YOUR ASSIGNMENT. Without including any picture, return the complete set of records exactly.

Data items.
◆ ◆ ◆ ◆ ◆ ◆ ◆
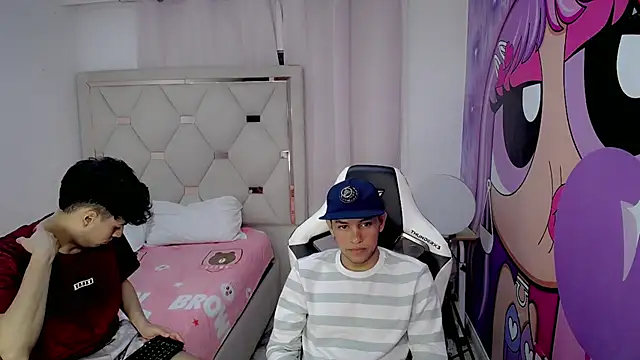 Snapshot of THE_VIPS_TWINK chatting on December 4, 2025, 8:41 pm THE VIPS TWINK online show from December 4, 2025, 8:41 pm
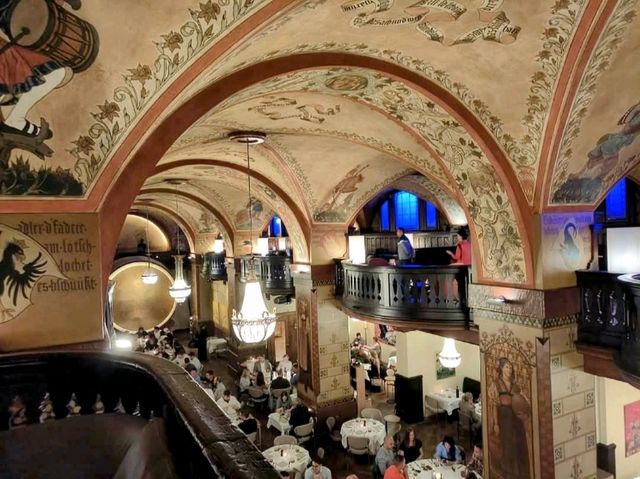 瑞士-伯恩，百年穀倉改建的地窖餐廳---Kornhauskeller Restaurant & Bar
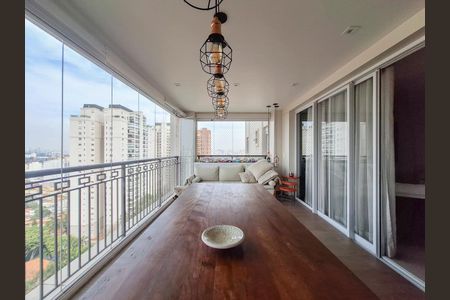 Apartamento para alugar com 170m², 3 quartos e 4 vagas Apartamento para alugar com 170m², 3 quartos e 4 vagasVaranda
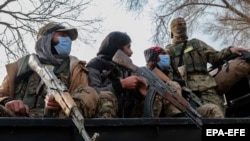 آرشیف - شماری از افراد مسلح حکومت طالبان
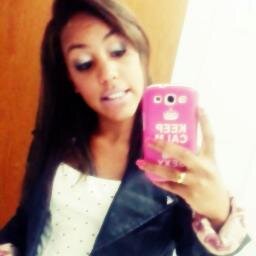 a luz que nos guiam, é mais forte que os maus olhos que nos cercam ! ;) *-*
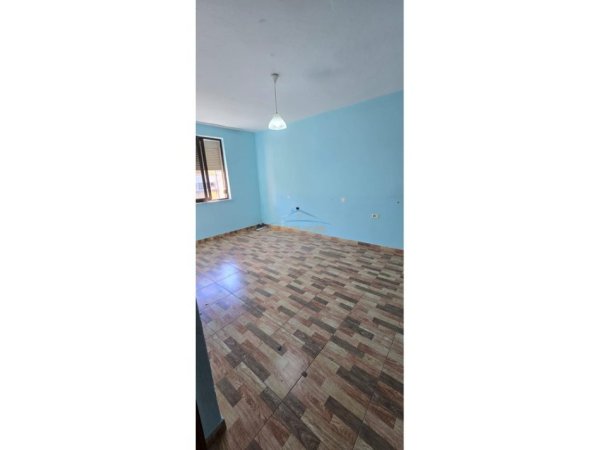 Tirane, shitet apartament 1+1 Kati 4, 58 m² 125.000 € (RRUGA E KAVAJES)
◆ ◆ ◆ ◆ ◆ ◆ ◆
FINAL ANSWER.
 Snapshot of THE_VIPS_TWINK chatting on December 4, 2025, 8:41 pm THE VIPS TWINK online show from December 4, 2025, 8:41 pm
 瑞士-伯恩，百年穀倉改建的地窖餐廳---Kornhauskeller Restaurant & Bar
 Apartamento para alugar com 170m², 3 quartos e 4 vagas Apartamento para alugar com 170m², 3 quartos e 4 vagasVaranda
 آرشیف - شماری از افراد مسلح حکومت طالبان
 a luz que nos guiam, é mais forte que os maus olhos que nos cercam ! ;) *-*
 Tirane, shitet apartament 1+1 Kati 4, 58 m² 125.000 € (RRUGA E KAVAJES)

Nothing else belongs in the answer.